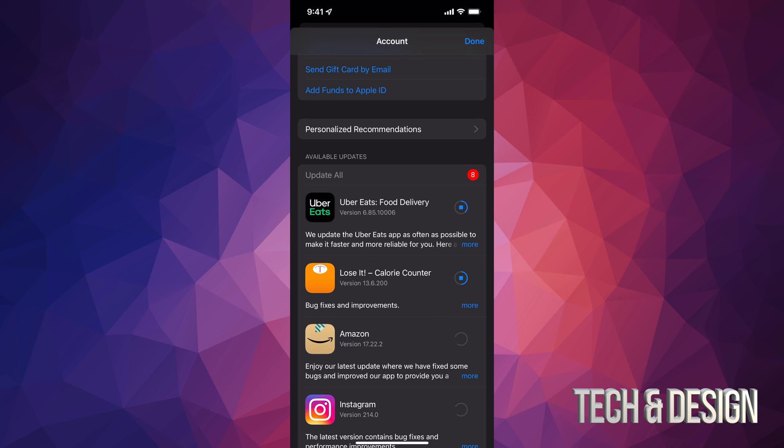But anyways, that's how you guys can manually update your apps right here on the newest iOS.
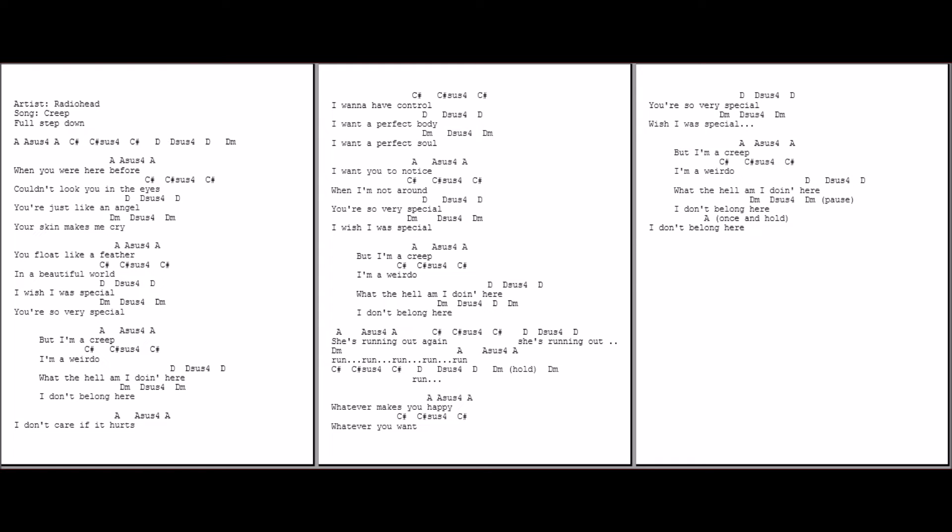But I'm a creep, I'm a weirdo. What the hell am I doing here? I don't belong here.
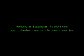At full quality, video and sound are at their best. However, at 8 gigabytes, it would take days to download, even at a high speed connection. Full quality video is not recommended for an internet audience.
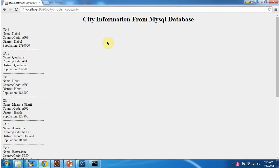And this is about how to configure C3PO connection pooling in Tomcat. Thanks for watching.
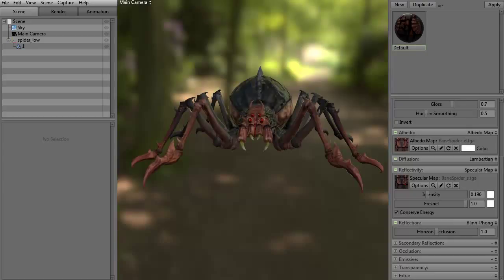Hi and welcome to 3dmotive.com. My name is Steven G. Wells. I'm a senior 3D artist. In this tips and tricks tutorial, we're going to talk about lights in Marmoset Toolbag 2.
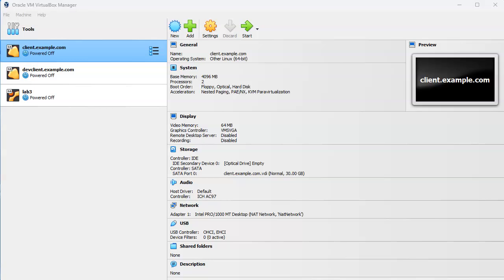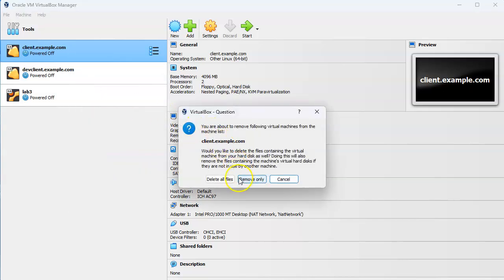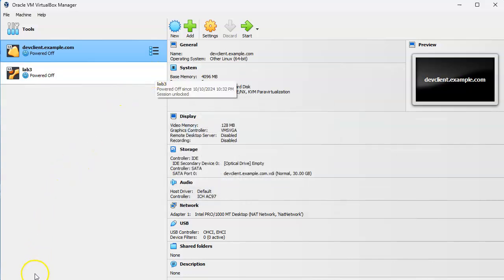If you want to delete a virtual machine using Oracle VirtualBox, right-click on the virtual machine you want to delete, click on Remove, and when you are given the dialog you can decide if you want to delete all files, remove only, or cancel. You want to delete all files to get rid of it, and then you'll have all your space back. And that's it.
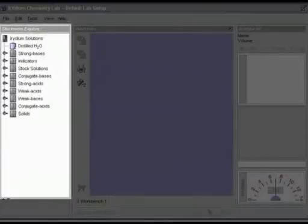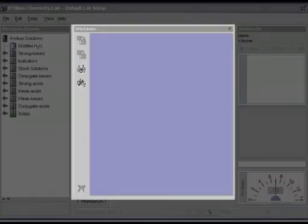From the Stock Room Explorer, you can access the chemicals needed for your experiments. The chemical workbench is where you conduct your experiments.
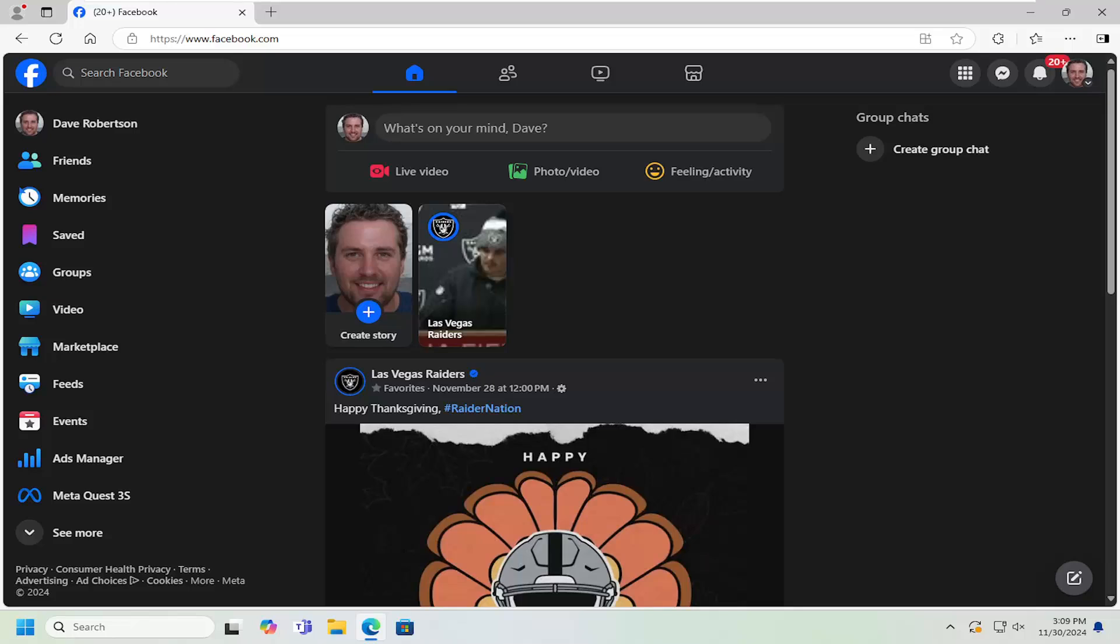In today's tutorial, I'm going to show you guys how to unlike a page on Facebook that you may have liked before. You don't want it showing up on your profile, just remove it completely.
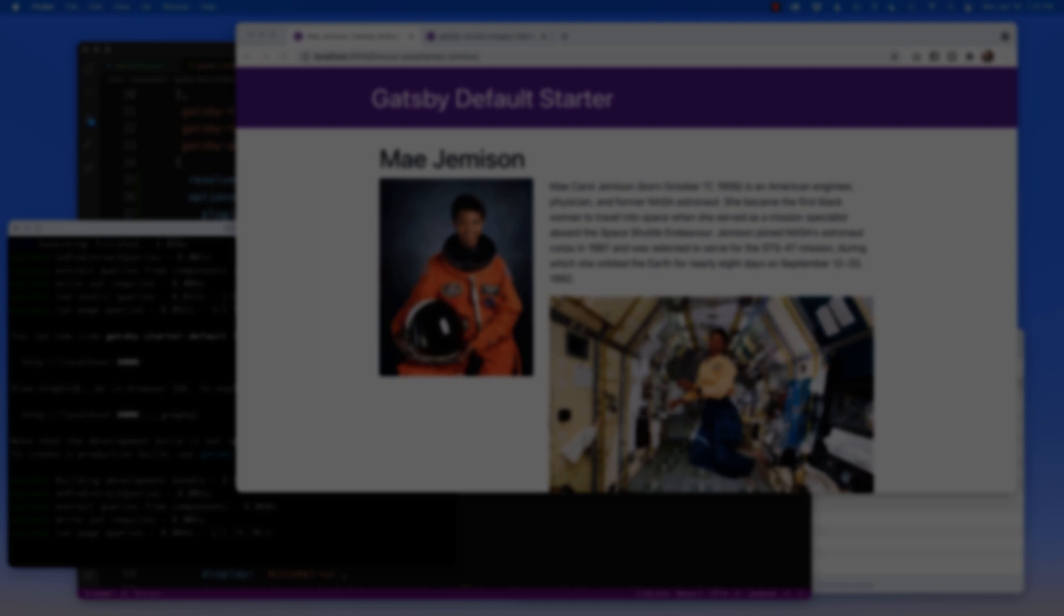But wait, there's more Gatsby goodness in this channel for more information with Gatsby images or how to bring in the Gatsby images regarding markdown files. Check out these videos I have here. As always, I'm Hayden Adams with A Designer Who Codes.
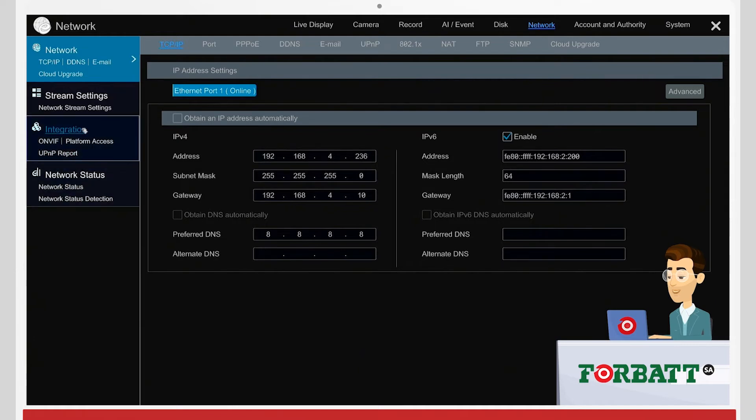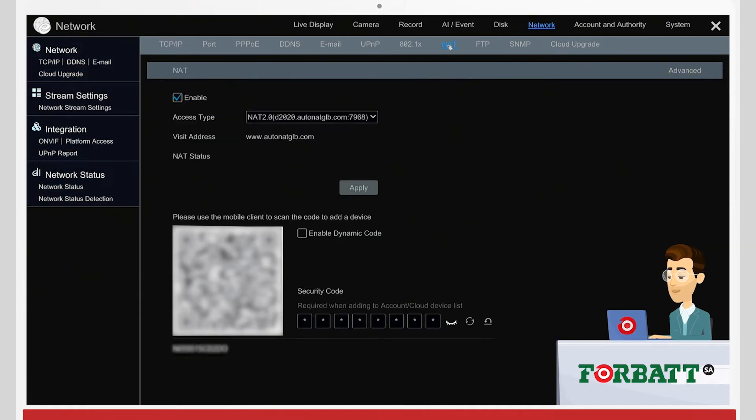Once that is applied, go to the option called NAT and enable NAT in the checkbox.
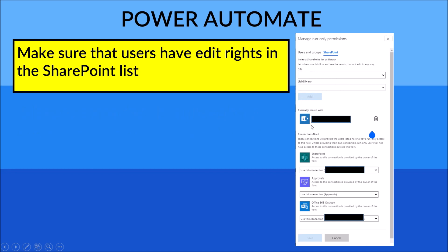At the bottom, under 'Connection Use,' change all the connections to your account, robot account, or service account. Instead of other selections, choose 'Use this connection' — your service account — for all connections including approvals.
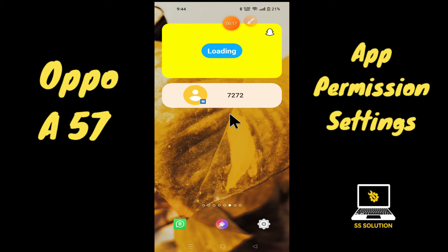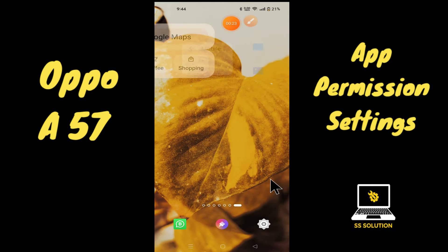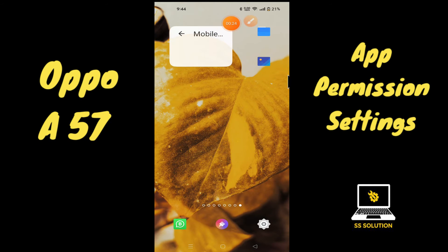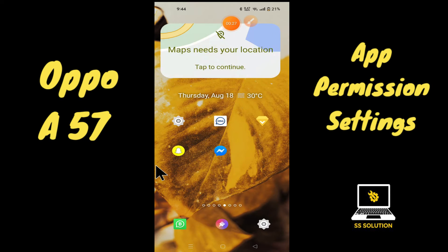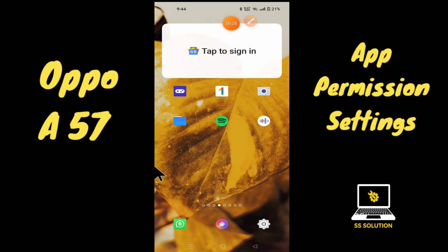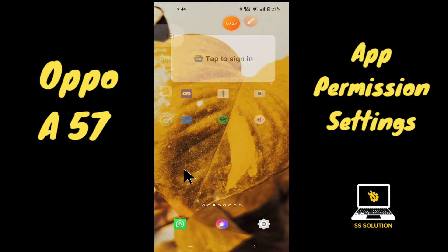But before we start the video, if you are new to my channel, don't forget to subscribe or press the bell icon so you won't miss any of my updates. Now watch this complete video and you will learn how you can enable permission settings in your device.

○ ○ ○

[Action item] Repeat only the lines from the line with "At the bottom, under" to the end of the entries, including both the first and the last line, and drop every picture.

[Output below]
At the bottom, under 'Connection Use,' change all the connections to your account, robot account, or service account. Instead of other selections, choose 'Use this connection' — your service account — for all connections including approvals.
But before we start the video, if you are new to my channel, don't forget to subscribe or press the bell icon so you won't miss any of my updates. Now watch this complete video and you will learn how you can enable permission settings in your device.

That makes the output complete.